One-Liner Tuning Script

The following script applies all recommended production settings. Review and adjust values to your workload before running.

#!/usr/bin/env bash
# melisai production tuning — apply with: sudo bash tune.sh
# Generated for melisai v0.4.1
set -euo pipefail

SYSCTL_CONF="/etc/sysctl.d/99-melisai.conf"

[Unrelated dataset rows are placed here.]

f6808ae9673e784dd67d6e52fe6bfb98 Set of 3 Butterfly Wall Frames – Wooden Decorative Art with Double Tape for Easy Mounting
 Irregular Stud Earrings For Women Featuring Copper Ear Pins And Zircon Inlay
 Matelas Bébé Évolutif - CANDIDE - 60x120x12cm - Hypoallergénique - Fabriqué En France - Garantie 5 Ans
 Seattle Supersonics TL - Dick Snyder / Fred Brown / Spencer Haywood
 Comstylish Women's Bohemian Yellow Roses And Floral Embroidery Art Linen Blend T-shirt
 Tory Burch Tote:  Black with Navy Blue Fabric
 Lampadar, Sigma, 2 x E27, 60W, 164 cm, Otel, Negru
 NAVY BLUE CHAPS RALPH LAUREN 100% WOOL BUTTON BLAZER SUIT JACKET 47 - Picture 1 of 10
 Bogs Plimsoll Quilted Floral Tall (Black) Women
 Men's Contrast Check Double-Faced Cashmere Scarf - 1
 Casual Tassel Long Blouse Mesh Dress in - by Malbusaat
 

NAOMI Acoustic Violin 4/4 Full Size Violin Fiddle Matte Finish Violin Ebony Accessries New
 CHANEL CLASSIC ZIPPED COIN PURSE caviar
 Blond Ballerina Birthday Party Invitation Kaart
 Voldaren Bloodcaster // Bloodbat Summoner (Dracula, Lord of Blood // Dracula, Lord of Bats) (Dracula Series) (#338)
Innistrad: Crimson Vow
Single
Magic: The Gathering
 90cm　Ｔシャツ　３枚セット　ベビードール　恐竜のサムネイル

cat > "$SYSCTL_CONF" << 'SYSCTL'
# === CPU Scheduler ===
kernel.sched_latency_ns = 6000000
kernel.sched_min_granularity_ns = 750000
kernel.sched_numa_balancing = 1

# === Memory ===
vm.swappiness = 10
vm.dirty_ratio = 10
vm.dirty_background_ratio = 5
vm.overcommit_memory = 2
vm.min_free_kbytes = 131072
vm.watermark_scale_factor = 200
vm.dirty_expire_centisecs = 1500
vm.dirty_writeback_centisecs = 300
vm.zone_reclaim_mode = 0

# === Network: TCP Stack ===
net.ipv4.tcp_congestion_control = bbr
net.core.default_qdisc = fq
net.core.somaxconn = 65535
net.ipv4.tcp_max_syn_backlog = 8192
net.ipv4.tcp_rmem = 4096 131072 16777216
net.ipv4.tcp_wmem = 4096 131072 16777216
net.core.rmem_max = 16777216
net.core.wmem_max = 16777216
net.ipv4.ip_local_port_range = 1024 65535
net.ipv4.tcp_tw_reuse = 1
net.ipv4.tcp_fin_timeout = 15
net.ipv4.tcp_slow_start_after_idle = 0
net.ipv4.tcp_fastopen = 3
net.ipv4.tcp_syncookies = 1
net.ipv4.tcp_notsent_lowat = 131072
net.ipv4.tcp_mtu_probing = 1
net.ipv4.tcp_keepalive_time = 300
net.ipv4.tcp_keepalive_intvl = 15
net.ipv4.tcp_keepalive_probes = 5

# === Network: Packet Processing ===
net.core.netdev_budget = 600
net.core.netdev_budget_usecs = 8000
net.core.netdev_max_backlog = 10000

# === Network: Neighbor Table (K8s / large subnets) ===
net.ipv4.neigh.default.gc_thresh1 = 2048
net.ipv4.neigh.default.gc_thresh2 = 4096
net.ipv4.neigh.default.gc_thresh3 = 8192
SYSCTL

echo "[1/5] Wrote sysctl config to $SYSCTL_CONF"

# Apply sysctl settings
sysctl -p "$SYSCTL_CONF"
echo "[2/5] Applied sysctl settings"

# THP: madvise mode
echo madvise > /sys/kernel/mm/transparent_hugepage/enabled
echo "defer+madvise" > /sys/kernel/mm/transparent_hugepage/defrag
echo "[3/5] Set THP to madvise, defrag to defer+madvise"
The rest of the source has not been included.